DESeq2

 


Summary

Determines differential expression analysis on count based expression data sets.

Introduction

DESeq2 estimates differentially expressed gene lists based on a negative binomial distribution model. Previous methods for identifying differentially expressed gene lists assumed a Poisson distribution; however, Poisson does not account for variation (or overdispersion) found in expression data. DESeq2 uses a negative binomial distribution (similar to edgeR), assuming variance in the case of few replicates.

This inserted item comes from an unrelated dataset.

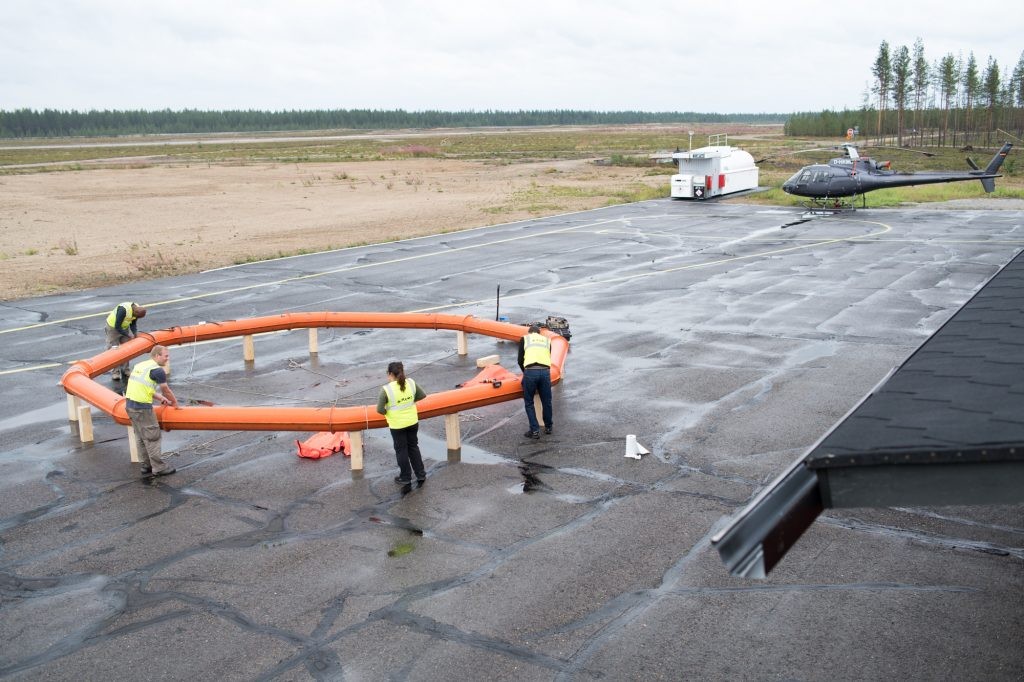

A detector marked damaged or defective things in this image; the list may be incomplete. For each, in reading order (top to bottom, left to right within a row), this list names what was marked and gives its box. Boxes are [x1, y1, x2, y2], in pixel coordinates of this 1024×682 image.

cracked asphalt surface [2, 199, 1024, 675] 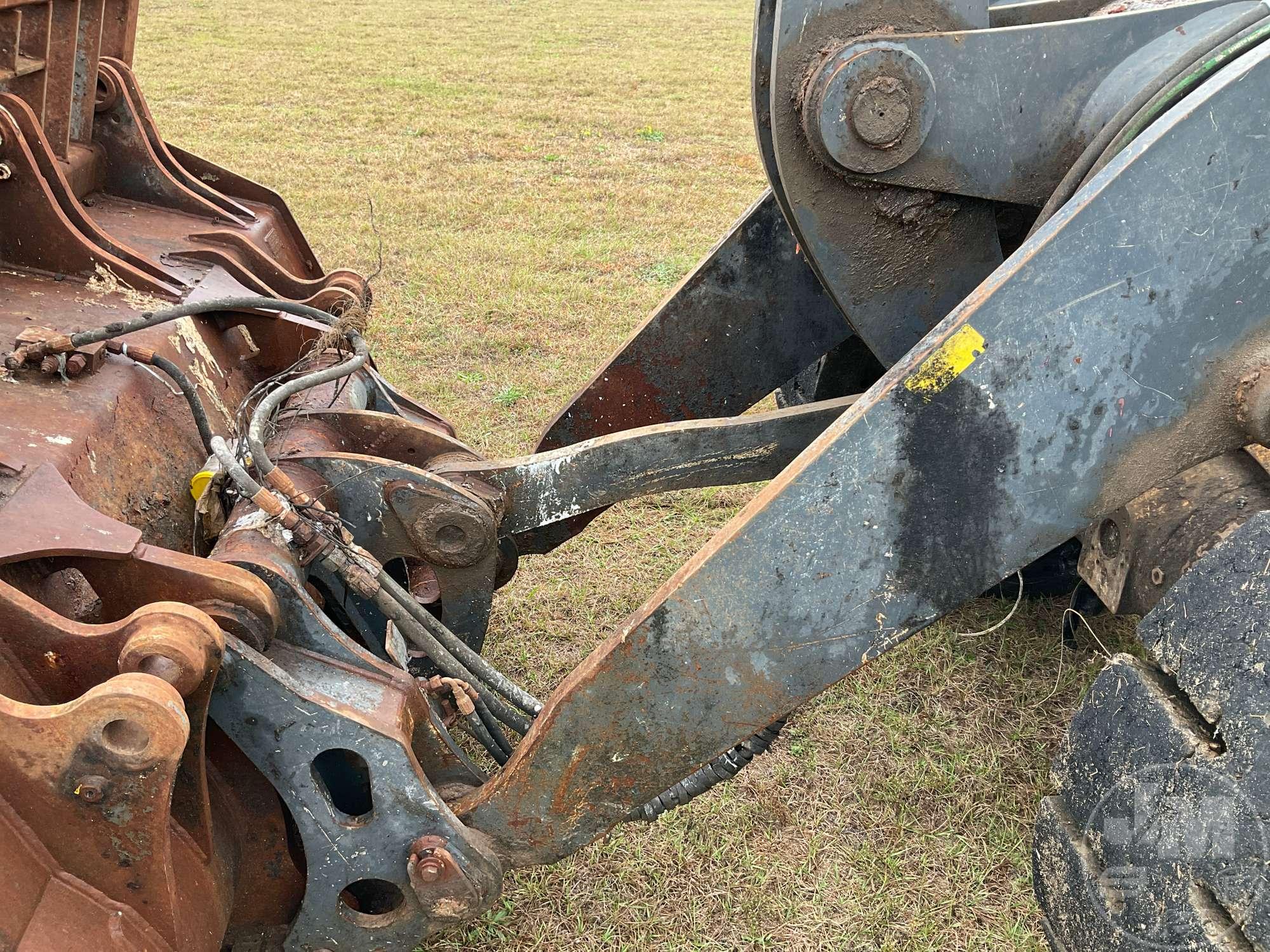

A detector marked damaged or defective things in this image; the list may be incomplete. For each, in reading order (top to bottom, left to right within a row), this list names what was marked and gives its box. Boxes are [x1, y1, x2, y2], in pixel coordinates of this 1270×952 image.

The input is a tab-delimited file containing genes and their expression values. The results include files detailing the results of differential expression testing (one that includes all of the results, and one that only includes the results that exceed a minimum false-discovery rate). Also included for visualization purposes are plots of the estimated dispersions, the log fold changes against the mean normalized counts and a histogram of p-values. The plots are purely for visualization purposes and may not be necessary for all users.

Reference:
Anders S1, Huber W. Differential expression analysis for sequence count data. Genome Biol. 2010;11(10):R106. doi: 10.1186/gb-2010-11-10-r106. Epub 2010 Oct 27. http://genomebiology.com/2010/11/10/R106

Quick Start

Test Data

Test data for this app appears directly in the Discovery Environment in the Data window under Community Data -> iplantcollaborative -> example_data -> DESeq.

Input File(s)

Use DESeq_test_data.tsv from the directory above as test input. This example data comes from the RNASeq Drosophilia example used in the DESeq paper.

Parameters Used in App

When the app is run in the Discovery Environment, use the following parameters with the above input file(s) to get the output provided in the next section below.

Inputs
  • Tab-delimited input: DESeq_test_data.tsv from the directory listed above.
  • Column where feature names are found: 1
Experiment Design
  • Comma-separated list of factors for the data columns in your file: untreated,untreated,untreated,untreated,treated,treated,treated
  • Comma-separated list of library types for each factor listed above: single-end,single-end,paired-end,paired-end,single-end,paired-end,paired-end
  • Comma-separated pair of factors for comparison: untreated,treated
Statistical Options
  • Minimum false-discovery rate: 0.1
  • Quantile for removing insignificant genes: 0.4

Output Files

For the test case, the output files you will find in the example_data directory are:

DESeq_Dispersion.png - plot of the estimated dispersion
DESeq_MAPlot.png - plot of log fold changes against the mean normalized counts
DESeq_pValues.png - histogram of p-values
DESeq_test_results_significant.txt
DESeq_test_results.txt

RPlots- heatmaps show 30 most highly expressed genes (not necessarily the biggest fold change), might make sense to plot for most significant ones only, instead of all the gene set. The data is of raw counts, regularized log transformation and from variance stabilizing transformation, respectively.